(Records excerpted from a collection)
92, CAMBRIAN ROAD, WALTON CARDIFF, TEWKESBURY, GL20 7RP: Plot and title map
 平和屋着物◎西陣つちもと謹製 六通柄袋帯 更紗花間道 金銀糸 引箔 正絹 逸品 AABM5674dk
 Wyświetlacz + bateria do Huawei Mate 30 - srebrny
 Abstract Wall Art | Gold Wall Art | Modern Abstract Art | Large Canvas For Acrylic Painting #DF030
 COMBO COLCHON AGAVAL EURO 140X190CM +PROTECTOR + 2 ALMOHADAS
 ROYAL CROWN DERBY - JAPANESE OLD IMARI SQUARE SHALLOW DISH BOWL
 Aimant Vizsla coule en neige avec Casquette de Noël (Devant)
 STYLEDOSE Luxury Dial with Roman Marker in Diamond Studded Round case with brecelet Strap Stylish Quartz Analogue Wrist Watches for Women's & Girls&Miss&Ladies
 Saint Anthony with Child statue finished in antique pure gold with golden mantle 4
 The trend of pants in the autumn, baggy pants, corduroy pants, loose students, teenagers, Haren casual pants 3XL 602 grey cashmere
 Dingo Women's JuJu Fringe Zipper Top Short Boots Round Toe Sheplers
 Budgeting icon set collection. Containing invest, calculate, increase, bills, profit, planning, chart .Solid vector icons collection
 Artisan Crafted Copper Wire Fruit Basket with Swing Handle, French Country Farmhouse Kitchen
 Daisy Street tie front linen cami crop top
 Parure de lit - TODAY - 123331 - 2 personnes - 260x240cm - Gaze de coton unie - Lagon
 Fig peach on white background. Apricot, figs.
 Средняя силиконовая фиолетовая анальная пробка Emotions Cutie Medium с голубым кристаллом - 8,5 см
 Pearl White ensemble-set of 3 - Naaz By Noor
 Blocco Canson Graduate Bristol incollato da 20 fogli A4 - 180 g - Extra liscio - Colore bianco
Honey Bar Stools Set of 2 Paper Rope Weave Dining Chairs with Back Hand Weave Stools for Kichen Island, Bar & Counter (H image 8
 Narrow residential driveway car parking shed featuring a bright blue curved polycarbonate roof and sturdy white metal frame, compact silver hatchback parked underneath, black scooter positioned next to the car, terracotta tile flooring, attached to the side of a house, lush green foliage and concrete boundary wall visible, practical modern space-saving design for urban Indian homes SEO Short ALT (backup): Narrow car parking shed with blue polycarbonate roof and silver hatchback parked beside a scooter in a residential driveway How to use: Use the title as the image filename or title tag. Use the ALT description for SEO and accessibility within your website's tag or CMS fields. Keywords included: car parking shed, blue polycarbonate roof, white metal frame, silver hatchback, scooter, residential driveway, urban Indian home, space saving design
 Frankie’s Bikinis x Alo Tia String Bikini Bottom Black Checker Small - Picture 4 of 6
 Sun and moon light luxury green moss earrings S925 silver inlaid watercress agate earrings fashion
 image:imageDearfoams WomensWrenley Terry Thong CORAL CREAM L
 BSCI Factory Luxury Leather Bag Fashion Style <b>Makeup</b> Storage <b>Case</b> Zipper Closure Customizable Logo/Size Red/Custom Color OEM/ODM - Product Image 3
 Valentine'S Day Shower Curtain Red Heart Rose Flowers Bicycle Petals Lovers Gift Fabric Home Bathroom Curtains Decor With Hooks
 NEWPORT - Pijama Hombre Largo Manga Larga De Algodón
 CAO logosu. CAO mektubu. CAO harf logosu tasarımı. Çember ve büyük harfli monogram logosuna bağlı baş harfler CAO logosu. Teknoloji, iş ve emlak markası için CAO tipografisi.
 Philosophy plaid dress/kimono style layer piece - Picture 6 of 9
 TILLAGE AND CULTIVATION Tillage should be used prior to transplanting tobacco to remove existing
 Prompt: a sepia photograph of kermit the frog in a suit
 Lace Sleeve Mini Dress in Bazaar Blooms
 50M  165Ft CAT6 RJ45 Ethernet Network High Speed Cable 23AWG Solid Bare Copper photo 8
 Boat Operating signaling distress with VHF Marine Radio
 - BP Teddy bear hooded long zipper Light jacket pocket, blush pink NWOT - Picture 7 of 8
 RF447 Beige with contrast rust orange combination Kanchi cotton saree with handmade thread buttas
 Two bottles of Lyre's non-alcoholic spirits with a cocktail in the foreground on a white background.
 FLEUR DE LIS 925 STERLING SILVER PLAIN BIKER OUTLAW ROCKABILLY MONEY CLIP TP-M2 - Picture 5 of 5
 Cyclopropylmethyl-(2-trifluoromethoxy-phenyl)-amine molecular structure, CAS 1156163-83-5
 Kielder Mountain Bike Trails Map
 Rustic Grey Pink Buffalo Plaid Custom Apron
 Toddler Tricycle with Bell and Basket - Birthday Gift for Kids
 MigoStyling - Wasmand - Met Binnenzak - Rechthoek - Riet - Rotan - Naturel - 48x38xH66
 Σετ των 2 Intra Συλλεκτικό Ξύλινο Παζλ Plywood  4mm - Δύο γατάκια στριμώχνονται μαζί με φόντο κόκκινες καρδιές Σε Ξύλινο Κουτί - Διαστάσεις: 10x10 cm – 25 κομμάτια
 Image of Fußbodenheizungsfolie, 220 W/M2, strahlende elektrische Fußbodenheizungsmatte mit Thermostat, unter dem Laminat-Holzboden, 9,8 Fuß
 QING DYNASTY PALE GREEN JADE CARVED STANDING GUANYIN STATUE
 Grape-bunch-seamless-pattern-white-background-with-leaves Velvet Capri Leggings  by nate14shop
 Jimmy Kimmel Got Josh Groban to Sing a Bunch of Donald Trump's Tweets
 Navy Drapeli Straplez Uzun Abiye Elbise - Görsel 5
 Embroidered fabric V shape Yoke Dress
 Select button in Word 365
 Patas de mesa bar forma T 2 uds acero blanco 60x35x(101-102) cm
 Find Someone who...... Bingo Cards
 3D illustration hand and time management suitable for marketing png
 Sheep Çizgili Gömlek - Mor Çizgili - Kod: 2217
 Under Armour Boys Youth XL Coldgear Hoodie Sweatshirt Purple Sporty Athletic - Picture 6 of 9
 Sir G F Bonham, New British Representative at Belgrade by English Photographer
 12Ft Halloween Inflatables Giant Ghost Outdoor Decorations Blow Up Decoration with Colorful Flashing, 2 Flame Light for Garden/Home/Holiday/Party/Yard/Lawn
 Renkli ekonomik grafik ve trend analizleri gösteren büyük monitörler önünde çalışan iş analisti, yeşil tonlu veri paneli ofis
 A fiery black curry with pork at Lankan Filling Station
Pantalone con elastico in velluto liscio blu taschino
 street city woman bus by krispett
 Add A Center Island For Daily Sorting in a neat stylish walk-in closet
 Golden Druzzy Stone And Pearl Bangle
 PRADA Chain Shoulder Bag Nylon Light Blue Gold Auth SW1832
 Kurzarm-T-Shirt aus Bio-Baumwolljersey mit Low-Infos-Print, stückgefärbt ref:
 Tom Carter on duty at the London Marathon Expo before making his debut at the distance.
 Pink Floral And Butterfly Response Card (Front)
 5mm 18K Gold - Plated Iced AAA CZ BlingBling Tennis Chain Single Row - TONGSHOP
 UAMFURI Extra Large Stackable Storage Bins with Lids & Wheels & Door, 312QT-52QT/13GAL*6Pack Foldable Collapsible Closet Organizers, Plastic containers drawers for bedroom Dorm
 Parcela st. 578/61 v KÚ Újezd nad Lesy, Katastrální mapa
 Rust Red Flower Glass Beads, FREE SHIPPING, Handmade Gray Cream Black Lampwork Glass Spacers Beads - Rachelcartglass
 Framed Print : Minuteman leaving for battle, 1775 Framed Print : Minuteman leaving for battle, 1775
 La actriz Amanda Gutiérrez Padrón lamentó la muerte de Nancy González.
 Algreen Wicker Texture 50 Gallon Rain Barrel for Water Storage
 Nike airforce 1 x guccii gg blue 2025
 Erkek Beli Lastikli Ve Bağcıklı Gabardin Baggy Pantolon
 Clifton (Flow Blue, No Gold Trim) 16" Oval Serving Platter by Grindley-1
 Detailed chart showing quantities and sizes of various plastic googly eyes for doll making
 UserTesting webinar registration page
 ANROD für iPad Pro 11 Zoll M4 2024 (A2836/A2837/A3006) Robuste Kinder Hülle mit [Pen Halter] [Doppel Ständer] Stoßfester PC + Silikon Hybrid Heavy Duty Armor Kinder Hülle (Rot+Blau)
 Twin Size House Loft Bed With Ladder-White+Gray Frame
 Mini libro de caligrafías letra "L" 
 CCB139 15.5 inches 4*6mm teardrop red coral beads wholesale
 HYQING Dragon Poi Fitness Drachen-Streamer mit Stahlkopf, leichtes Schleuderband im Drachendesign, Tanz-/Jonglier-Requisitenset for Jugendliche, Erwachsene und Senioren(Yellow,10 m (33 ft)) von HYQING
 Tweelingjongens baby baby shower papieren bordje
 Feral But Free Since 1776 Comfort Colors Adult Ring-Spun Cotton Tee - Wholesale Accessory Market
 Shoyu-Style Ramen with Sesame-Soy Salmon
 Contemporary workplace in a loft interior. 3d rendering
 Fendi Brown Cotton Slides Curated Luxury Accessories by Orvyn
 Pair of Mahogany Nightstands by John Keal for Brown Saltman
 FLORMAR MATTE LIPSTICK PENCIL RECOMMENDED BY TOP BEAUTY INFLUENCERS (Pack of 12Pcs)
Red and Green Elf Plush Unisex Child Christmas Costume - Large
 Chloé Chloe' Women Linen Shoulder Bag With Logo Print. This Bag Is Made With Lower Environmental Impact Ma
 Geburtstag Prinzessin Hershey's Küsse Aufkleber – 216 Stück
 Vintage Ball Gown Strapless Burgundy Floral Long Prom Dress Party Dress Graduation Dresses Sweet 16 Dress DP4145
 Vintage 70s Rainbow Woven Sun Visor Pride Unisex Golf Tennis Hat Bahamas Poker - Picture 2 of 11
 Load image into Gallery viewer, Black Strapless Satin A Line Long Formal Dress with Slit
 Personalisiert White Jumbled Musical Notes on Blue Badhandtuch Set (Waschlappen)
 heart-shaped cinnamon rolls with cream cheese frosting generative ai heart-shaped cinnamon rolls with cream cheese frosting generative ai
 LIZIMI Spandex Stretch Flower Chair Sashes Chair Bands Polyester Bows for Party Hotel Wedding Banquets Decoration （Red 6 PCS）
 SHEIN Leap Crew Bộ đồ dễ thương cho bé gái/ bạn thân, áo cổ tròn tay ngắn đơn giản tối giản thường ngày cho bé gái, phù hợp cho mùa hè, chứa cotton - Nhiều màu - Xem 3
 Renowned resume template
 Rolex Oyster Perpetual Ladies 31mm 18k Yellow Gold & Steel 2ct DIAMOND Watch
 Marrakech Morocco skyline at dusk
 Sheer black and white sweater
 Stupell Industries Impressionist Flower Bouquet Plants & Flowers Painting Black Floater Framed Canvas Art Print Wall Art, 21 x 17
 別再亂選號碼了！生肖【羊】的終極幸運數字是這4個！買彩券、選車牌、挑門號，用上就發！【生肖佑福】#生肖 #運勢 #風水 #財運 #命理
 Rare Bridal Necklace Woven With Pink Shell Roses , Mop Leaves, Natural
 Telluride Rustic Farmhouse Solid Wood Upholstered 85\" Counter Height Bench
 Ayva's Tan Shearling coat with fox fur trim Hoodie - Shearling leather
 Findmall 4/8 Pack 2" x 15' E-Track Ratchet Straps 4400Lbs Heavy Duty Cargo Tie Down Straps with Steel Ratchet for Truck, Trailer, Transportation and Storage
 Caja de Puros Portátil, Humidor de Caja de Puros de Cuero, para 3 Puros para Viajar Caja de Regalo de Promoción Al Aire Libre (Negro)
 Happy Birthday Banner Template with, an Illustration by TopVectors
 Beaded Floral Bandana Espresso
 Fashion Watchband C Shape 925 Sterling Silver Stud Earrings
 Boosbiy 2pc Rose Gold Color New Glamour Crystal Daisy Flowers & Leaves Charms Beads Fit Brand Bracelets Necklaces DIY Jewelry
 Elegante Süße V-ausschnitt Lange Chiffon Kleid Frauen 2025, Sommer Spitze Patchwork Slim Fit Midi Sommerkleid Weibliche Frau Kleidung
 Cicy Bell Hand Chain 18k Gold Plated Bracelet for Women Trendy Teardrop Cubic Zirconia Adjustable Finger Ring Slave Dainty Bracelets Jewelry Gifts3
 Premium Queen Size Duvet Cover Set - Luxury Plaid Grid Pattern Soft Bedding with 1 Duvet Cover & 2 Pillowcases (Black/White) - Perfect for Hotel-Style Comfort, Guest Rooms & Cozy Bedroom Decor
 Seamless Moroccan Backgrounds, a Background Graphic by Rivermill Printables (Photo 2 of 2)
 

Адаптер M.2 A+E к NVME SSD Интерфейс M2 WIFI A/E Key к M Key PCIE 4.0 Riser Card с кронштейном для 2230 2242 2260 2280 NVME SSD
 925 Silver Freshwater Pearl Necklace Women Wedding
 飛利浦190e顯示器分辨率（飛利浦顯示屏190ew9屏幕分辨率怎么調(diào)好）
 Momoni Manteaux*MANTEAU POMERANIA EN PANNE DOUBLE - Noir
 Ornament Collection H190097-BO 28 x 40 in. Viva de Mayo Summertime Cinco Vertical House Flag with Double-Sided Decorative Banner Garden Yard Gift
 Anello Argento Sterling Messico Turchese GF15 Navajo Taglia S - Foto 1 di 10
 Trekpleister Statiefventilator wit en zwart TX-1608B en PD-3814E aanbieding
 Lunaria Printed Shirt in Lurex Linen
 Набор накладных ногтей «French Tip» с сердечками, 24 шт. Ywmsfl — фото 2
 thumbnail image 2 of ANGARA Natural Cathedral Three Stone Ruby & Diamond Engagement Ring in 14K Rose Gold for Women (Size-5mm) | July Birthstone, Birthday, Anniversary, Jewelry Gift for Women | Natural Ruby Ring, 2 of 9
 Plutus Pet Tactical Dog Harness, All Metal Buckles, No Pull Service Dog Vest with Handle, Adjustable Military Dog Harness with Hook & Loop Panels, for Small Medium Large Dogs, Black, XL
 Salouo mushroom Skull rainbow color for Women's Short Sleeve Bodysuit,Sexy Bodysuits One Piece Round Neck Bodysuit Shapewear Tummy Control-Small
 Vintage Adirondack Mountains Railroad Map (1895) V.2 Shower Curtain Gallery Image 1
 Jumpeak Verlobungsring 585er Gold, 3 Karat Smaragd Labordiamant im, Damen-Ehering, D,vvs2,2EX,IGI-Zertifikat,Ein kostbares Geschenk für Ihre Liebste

* [PROMPT] Begin at the first line of the records above and restate each line word for word, stopping after the line with "Honey Bar Stools".

* [SOLUTION TO THIS PROBLEM]
92, CAMBRIAN ROAD, WALTON CARDIFF, TEWKESBURY, GL20 7RP: Plot and title map
 平和屋着物◎西陣つちもと謹製 六通柄袋帯 更紗花間道 金銀糸 引箔 正絹 逸品 AABM5674dk
 Wyświetlacz + bateria do Huawei Mate 30 - srebrny
 Abstract Wall Art | Gold Wall Art | Modern Abstract Art | Large Canvas For Acrylic Painting #DF030
 COMBO COLCHON AGAVAL EURO 140X190CM +PROTECTOR + 2 ALMOHADAS
 ROYAL CROWN DERBY - JAPANESE OLD IMARI SQUARE SHALLOW DISH BOWL
 Aimant Vizsla coule en neige avec Casquette de Noël (Devant)
 STYLEDOSE Luxury Dial with Roman Marker in Diamond Studded Round case with brecelet Strap Stylish Quartz Analogue Wrist Watches for Women's & Girls&Miss&Ladies
 Saint Anthony with Child statue finished in antique pure gold with golden mantle 4
 The trend of pants in the autumn, baggy pants, corduroy pants, loose students, teenagers, Haren casual pants 3XL 602 grey cashmere
 Dingo Women's JuJu Fringe Zipper Top Short Boots Round Toe Sheplers
 Budgeting icon set collection. Containing invest, calculate, increase, bills, profit, planning, chart .Solid vector icons collection
 Artisan Crafted Copper Wire Fruit Basket with Swing Handle, French Country Farmhouse Kitchen
 Daisy Street tie front linen cami crop top
 Parure de lit - TODAY - 123331 - 2 personnes - 260x240cm - Gaze de coton unie - Lagon
 Fig peach on white background. Apricot, figs.
 Средняя силиконовая фиолетовая анальная пробка Emotions Cutie Medium с голубым кристаллом - 8,5 см
 Pearl White ensemble-set of 3 - Naaz By Noor
 Blocco Canson Graduate Bristol incollato da 20 fogli A4 - 180 g - Extra liscio - Colore bianco
Honey Bar Stools Set of 2 Paper Rope Weave Dining Chairs with Back Hand Weave Stools for Kichen Island, Bar & Counter (H image 8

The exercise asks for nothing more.